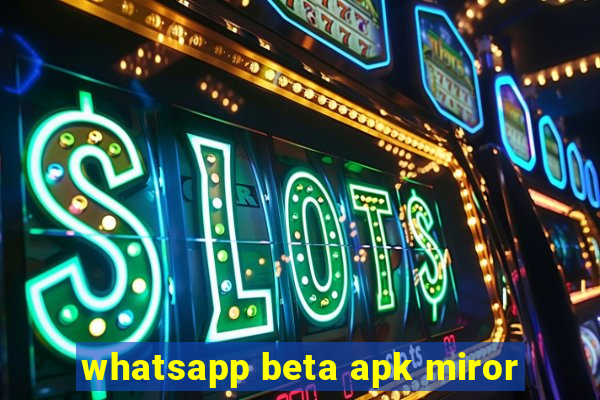 whatsapp beta apk miror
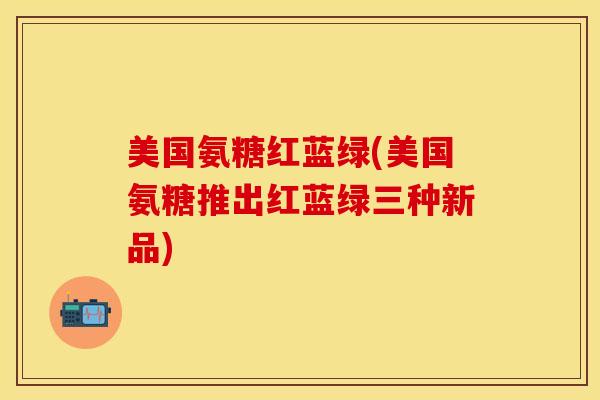 美国氨糖红蓝绿(美国氨糖推出红蓝绿三种新品)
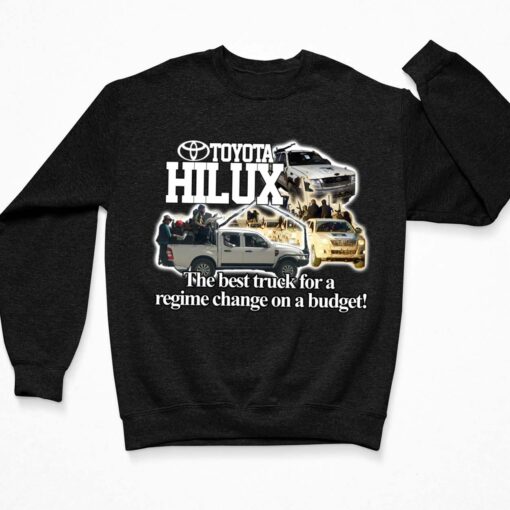 Toyota Hilux The Best Truck For A Regime Change On A Budget Shirt $19.95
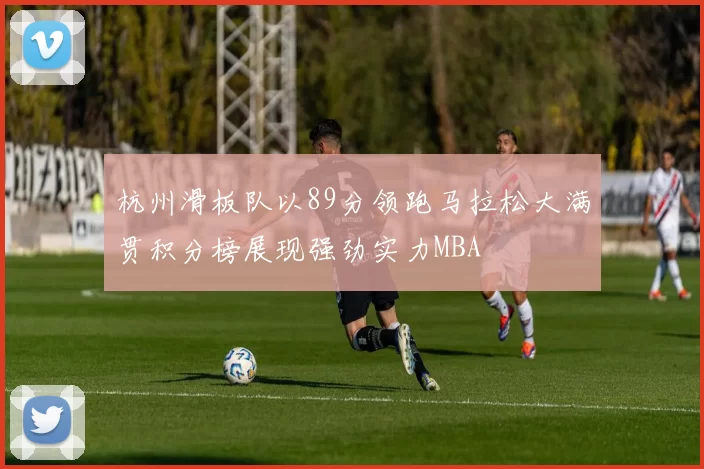 杭州滑板队以89分领跑马拉松大满贯积分榜展现强劲实力MBA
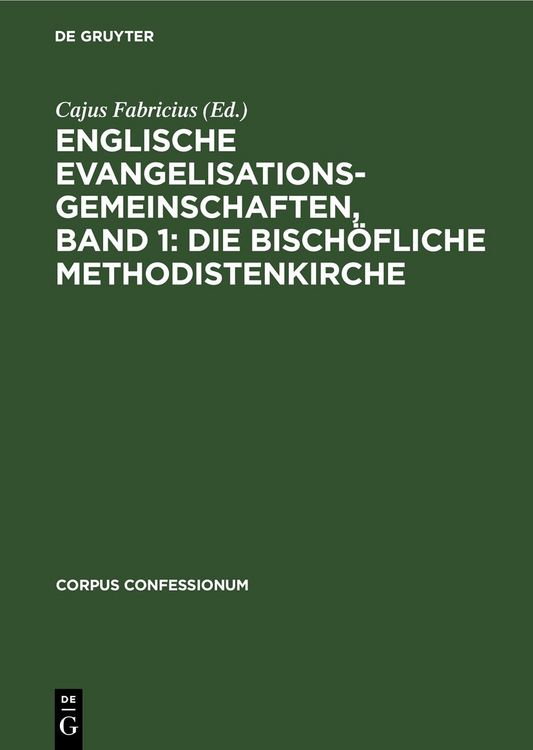 Produktbild: Englische Evangelisationsgemeinschaften, Band 1: Die Bisch&ouml;fliche Methodistenkirche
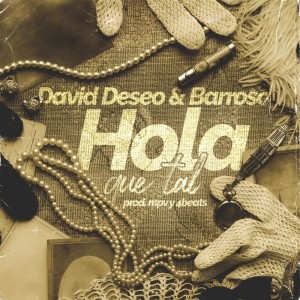 Listen to Hola Que Tal song with lyrics from David Deseo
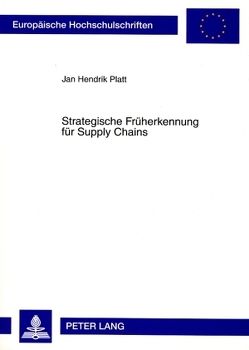 Strategische Früherkennung für Supply Chains von Platt,  Jan Hendrik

**PROBLEM DETAILS:**
Copy the final portion of the records: every line from the one containing "美国氨糖红蓝绿(美国氨糖推出红蓝绿三种新品)" through the last, word for word, without pictures.

**EXERCISE RESPONSE:**
 美国氨糖红蓝绿(美国氨糖推出红蓝绿三种新品)
 Toyota Hilux The Best Truck For A Regime Change On A Budget Shirt $19.95
 杭州滑板队以89分领跑马拉松大满贯积分榜展现强劲实力MBA
 Produktbild: Englische Evangelisationsgemeinschaften, Band 1: Die Bisch&ouml;fliche Methodistenkirche
 Listen to Hola Que Tal song with lyrics from David Deseo
 Strategische Früherkennung für Supply Chains von Platt,  Jan Hendrik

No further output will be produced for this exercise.